Coincido con una vecina que sale del trabajo pasado el medio día para el almuerzo, hora que aprovecha para acercarse a su casa. Me cuenta que ha dejado preparado atún encebollado y que, como no le dará tiempo de cocinar papas, lo acompañará con una barra de pan que lleva amorosamente envuelto en papel satinado, bajo el brazo y que me describe con la misma pasión que el director del Patronato del Prado, a ese cuadro, recién cedido al museo, el Busto de mujer 43 de Picasso. «Es integral con semillas y dura, tiernito, horas», me dice. Y que el pescado, preparado así queda muy bien y, si quiero, me dará la receta.

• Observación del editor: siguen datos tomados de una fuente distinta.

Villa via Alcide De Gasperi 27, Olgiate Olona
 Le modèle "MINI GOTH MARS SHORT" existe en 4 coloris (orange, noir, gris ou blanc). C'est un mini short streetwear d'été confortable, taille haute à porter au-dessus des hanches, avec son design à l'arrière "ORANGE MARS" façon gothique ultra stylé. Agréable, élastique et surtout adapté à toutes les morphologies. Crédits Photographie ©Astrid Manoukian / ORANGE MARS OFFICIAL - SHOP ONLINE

Yo la escucho con gratitud por, sobre todo, encontrar a alguien que parece feliz con la página diaria que le ha tocado vivir, que no ha tenido una noticia triste o lamentosa, que de ambas estamos colmados, que le haya hecho olvidar ese manjar que la espera a mediados de su jornada laboral. Vengo de una semana repleta de pupas, de sombras o como me decía un paciente oncológico «de color oscuro». Un antiguo compañero de trabajo ha enfermado de gravedad y los que fuimos sus colegas de departamento le hemos enviado una nota expresándole cuánto nos importa la tonalidad de su presente. Uno de nosotros, incluyó una foto del mismo grupo pero del año 1994, estando en activo. Todos miramos a la cámara con una sonrisa, como si burbujeara desde el interior del alma una tranquilidad que más parece seguridad. Mila está embarazada y Paco se ha subido a una caja para no quedar oculto por el resto. Yo tengo la mano sobre el hombro de Leo, que es de los que ya han marchado muy lejos. Hacemos recordar al guerrero que miraba el futuro como una oportunidad porque el coraje estaba de su parte.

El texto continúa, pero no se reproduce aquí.